Our high-speed train arrived in Liuzhou right on time at 10 p.m. A friend from Liuzhou drove us to the Shenhang Hotel by the Liujiang River. After showering at the hotel, I went to bed early.

The next morning, after breakfast at the hotel, the two smokers were presumably still asleep catching up on rest. Seeing that it was still early, I went out alone for a walk along the nearby Liujiang River. The river was very clean, and the path along the embankment was quiet and deep—very pleasant.

Walking to the riverbank, I suddenly noticed there were water buses here—quite unique. I studied the water bus stops for a while and decided to try it out when I had time.

When I returned to the hotel, the other four had already finished breakfast. The two smokers were at the hotel entrance recounting their bizarre experience, but they firmly refused to tell their wives the real cost of the rental car.
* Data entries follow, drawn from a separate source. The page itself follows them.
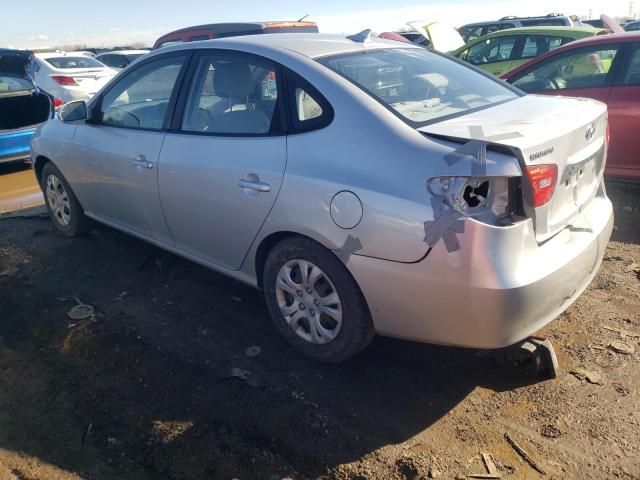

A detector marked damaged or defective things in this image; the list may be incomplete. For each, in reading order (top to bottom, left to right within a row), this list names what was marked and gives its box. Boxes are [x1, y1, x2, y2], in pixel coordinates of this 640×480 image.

broken taillight [528, 165, 556, 206]
damaged rear bumper [350, 188, 616, 348] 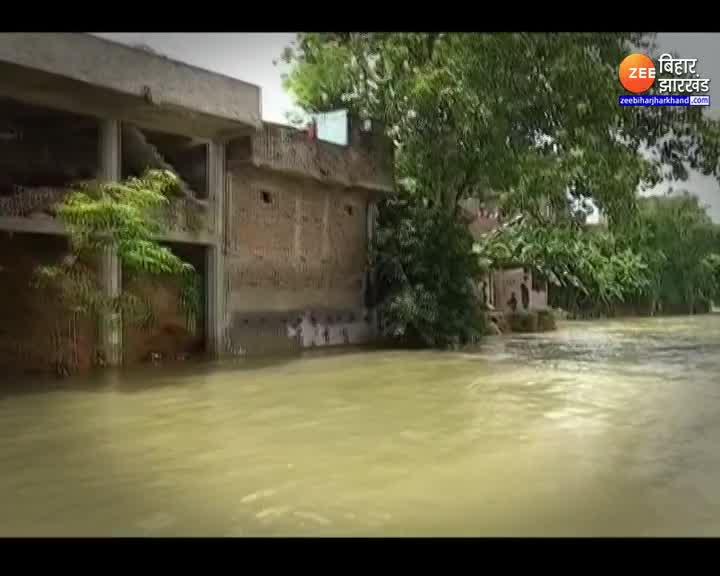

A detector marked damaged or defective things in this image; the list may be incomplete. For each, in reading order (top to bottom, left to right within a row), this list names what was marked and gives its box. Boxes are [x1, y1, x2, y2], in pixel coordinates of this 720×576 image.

damaged structure [0, 32, 394, 378] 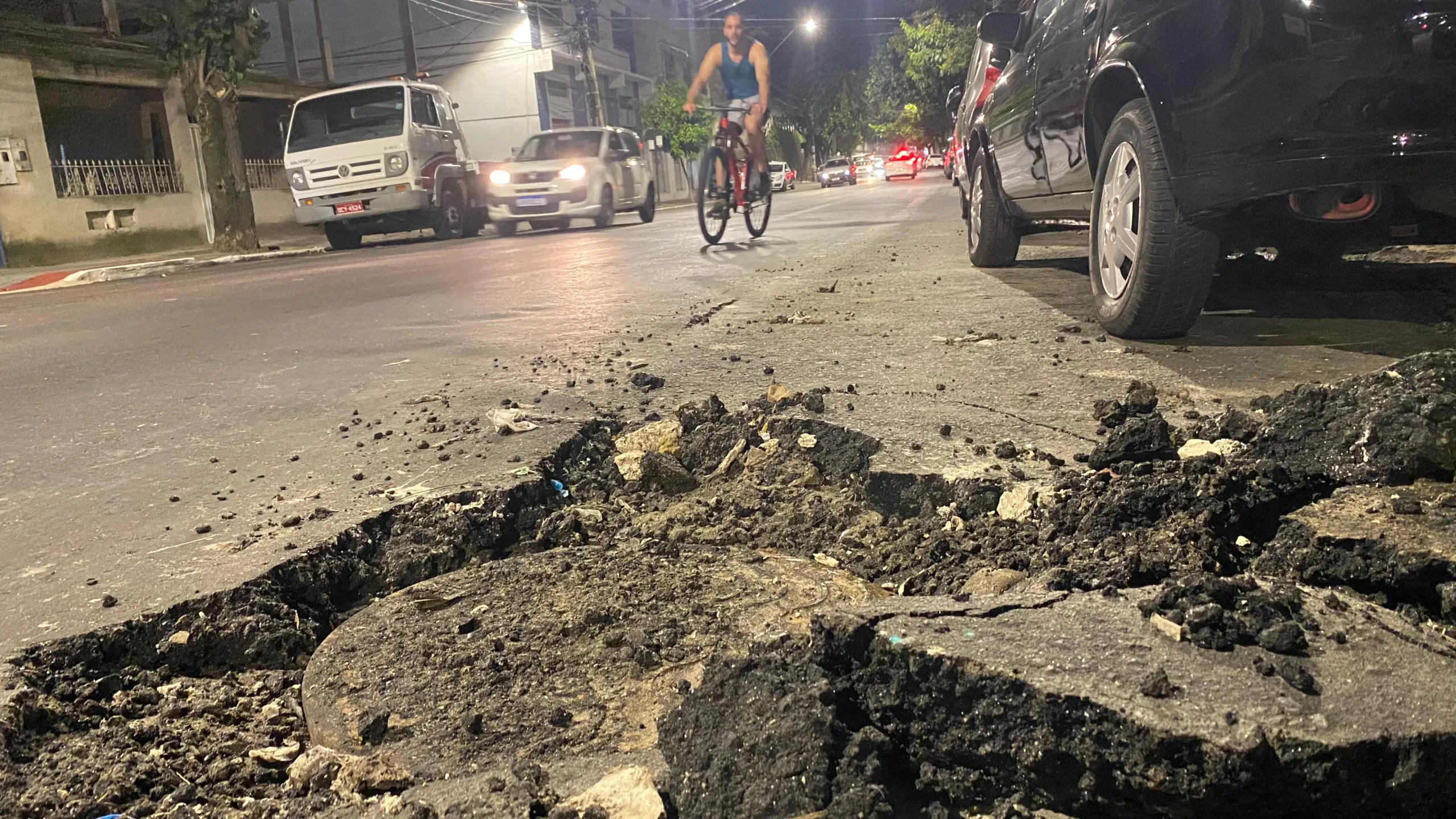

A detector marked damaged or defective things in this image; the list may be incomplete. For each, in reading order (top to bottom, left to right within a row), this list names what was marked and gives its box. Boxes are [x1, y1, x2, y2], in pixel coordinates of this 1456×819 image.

large pothole [9, 348, 1456, 814] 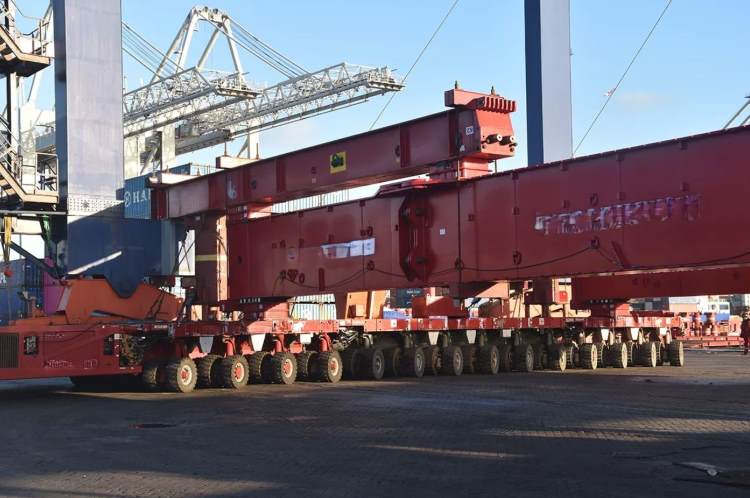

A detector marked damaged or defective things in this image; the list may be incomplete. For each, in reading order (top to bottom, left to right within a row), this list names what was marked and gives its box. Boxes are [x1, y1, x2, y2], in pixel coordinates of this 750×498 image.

rusty steel surface [153, 88, 516, 220]
rusty steel surface [226, 126, 750, 302]
rusty steel surface [0, 350, 748, 498] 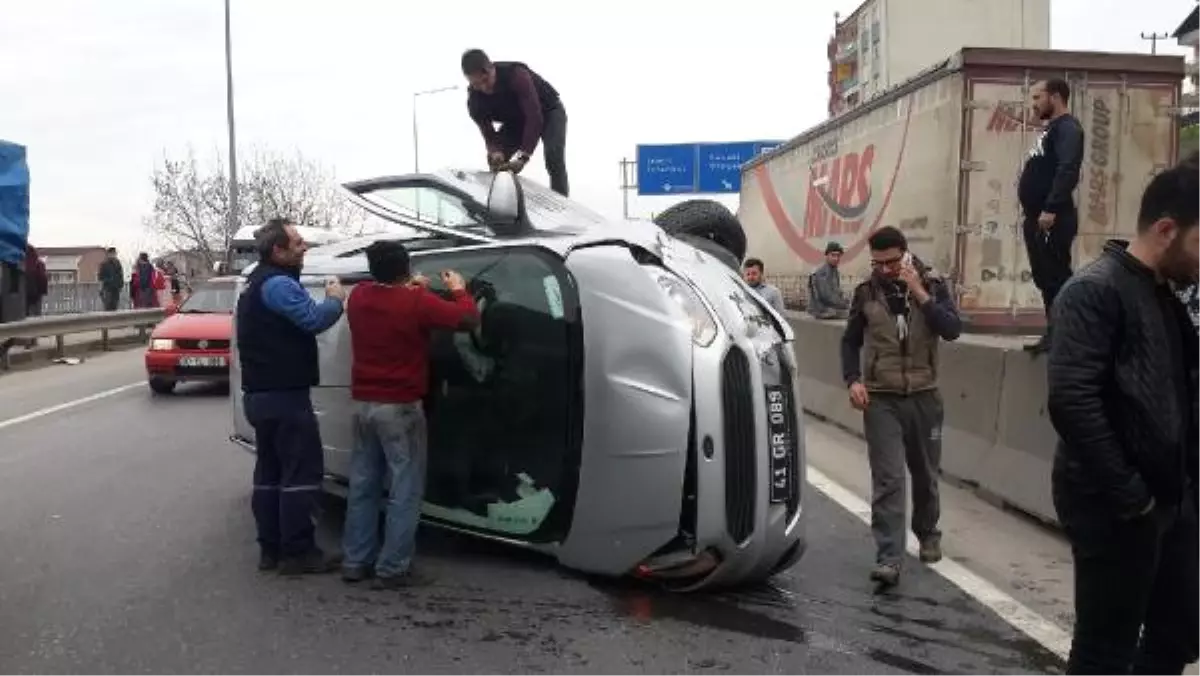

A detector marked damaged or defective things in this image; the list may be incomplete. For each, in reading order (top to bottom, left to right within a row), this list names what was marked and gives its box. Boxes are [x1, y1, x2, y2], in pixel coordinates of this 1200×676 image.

overturned silver car [227, 170, 808, 592] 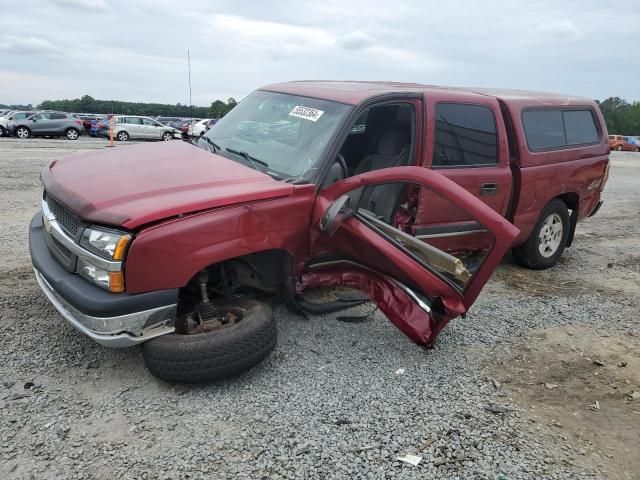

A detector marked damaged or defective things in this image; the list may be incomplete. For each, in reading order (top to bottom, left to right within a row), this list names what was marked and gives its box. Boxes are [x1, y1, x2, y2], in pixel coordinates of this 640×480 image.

crumpled hood [43, 140, 296, 230]
damaged red truck [30, 81, 608, 382]
detached car door [306, 165, 520, 344] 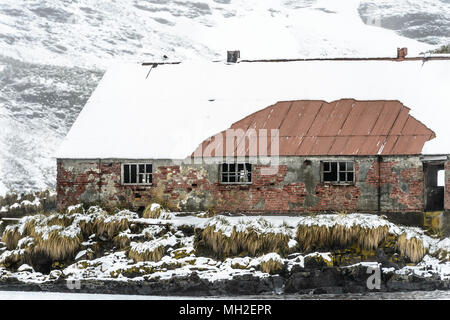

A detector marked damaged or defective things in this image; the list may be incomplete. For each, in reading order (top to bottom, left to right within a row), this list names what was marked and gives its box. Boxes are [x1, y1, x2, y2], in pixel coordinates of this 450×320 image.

rusted corrugated roof [192, 99, 436, 156]
broken window [122, 164, 152, 184]
broken window [220, 162, 251, 185]
broken window [324, 161, 356, 184] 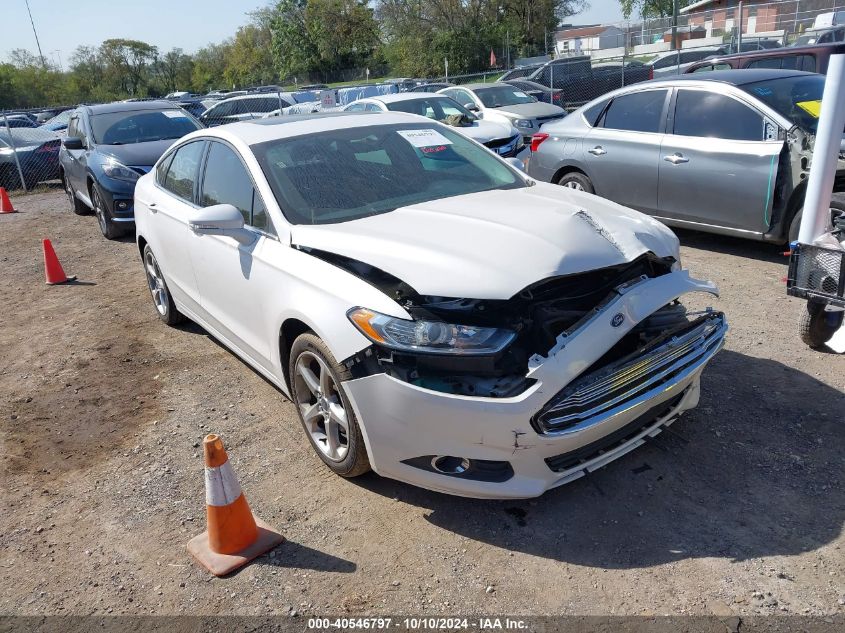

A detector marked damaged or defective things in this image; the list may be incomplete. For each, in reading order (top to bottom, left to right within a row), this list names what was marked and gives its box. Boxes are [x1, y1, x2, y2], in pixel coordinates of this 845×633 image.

crumpled hood [96, 138, 175, 168]
crumpled hood [290, 183, 680, 302]
damaged headlight [344, 308, 516, 354] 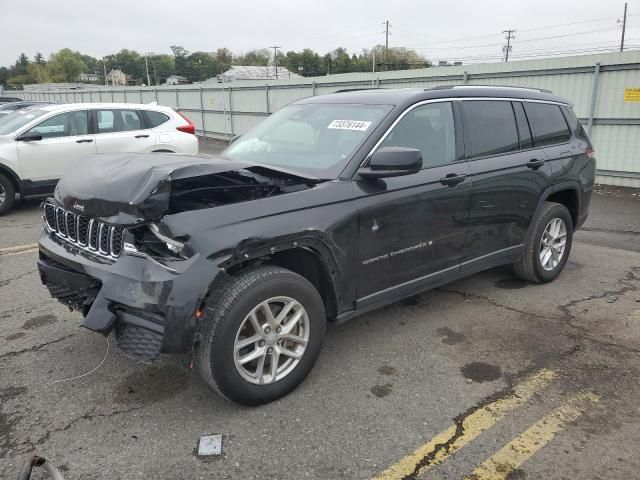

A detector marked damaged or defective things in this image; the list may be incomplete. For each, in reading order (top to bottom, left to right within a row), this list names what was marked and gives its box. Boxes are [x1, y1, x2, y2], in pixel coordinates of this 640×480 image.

detached bumper piece [38, 256, 100, 314]
damaged front end [37, 153, 322, 360]
crumpled hood [55, 152, 318, 225]
cracked pavement [1, 170, 640, 480] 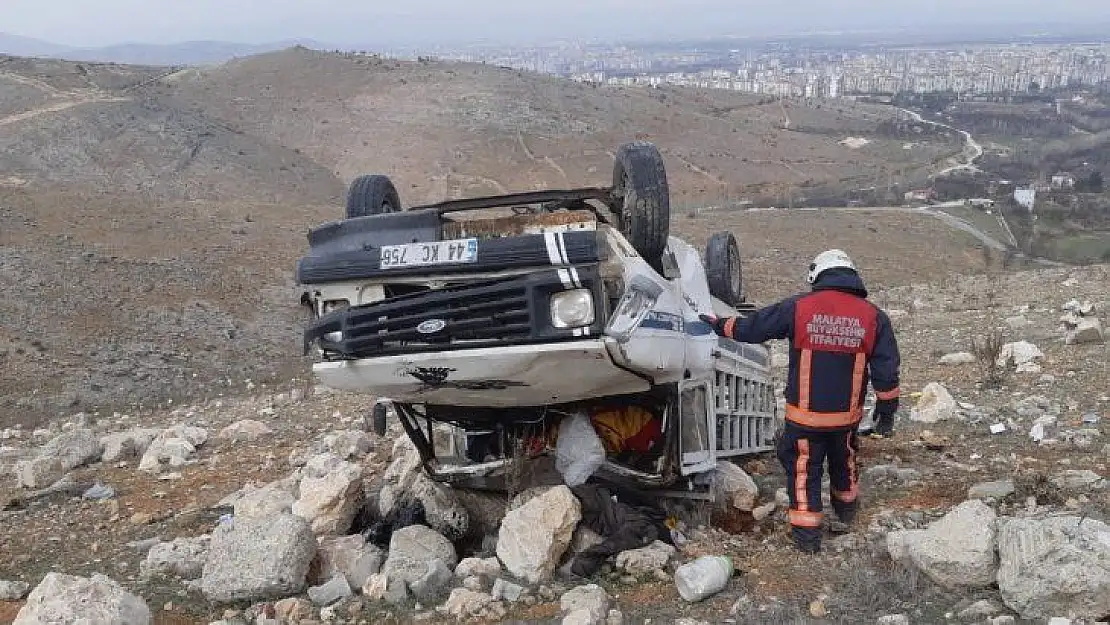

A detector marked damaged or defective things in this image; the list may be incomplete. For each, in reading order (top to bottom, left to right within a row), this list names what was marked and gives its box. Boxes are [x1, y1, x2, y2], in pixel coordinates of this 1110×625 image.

overturned white truck [299, 140, 777, 495] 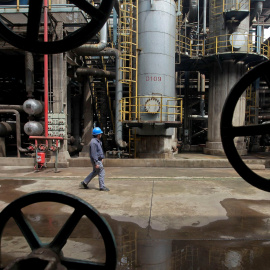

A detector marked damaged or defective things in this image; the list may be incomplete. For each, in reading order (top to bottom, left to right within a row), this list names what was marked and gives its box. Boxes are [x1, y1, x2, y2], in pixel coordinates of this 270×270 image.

They agreed on a made-up, very low figure that only their wives would believe, and split it three ways. Just then, our friend arrived to pick us up, so everyone quickly changed the subject. He drove us to Longtan Park, and we asked him to go back so we could be more free. Entering Longtan Park, there were lakes and hills. The hills looked very much like those in Guilin—rolling and rounded, all part of karst landforms. The trees cast dense shade, and birds sang above and below. We walked across covered bridges and over small streams, and before we knew it, it was already 2 p.m. According to our friend later, Longtan Park is huge, and we had only covered a little less than half of it.

After leaving Longtan Park, we took a taxi to Liuhou Park. You can’t say you’ve been to Liuzhou without eating snail noodles. So on the way, we had the taxi stop at a snail noodle shop recommended by the driver, and we all had a hearty meal of snail noodles. They really have a unique flavor. Everyone liked them a lot—definitely a representative taste recommended by a local driver. Then we walked to Liuhou Park, but unfortunately the Liuhou Temple was under renovation, so we could only stroll around the park. We discussed it and, since Liuzhou is famous for its interesting stone textures and shapes, we decided to go to the Qishi (Strange Stone) City.

We took a taxi to Qishi City. It was quite large, and there were all kinds of strange stones—some looked like landscape paintings, others like Buddha statues. The prices were mostly reasonable. I bought a stone for 100 yuan—very cheap—as a souvenir of Liuzhou, though it was a bit heavy. Then we took a taxi back to the hotel to rest.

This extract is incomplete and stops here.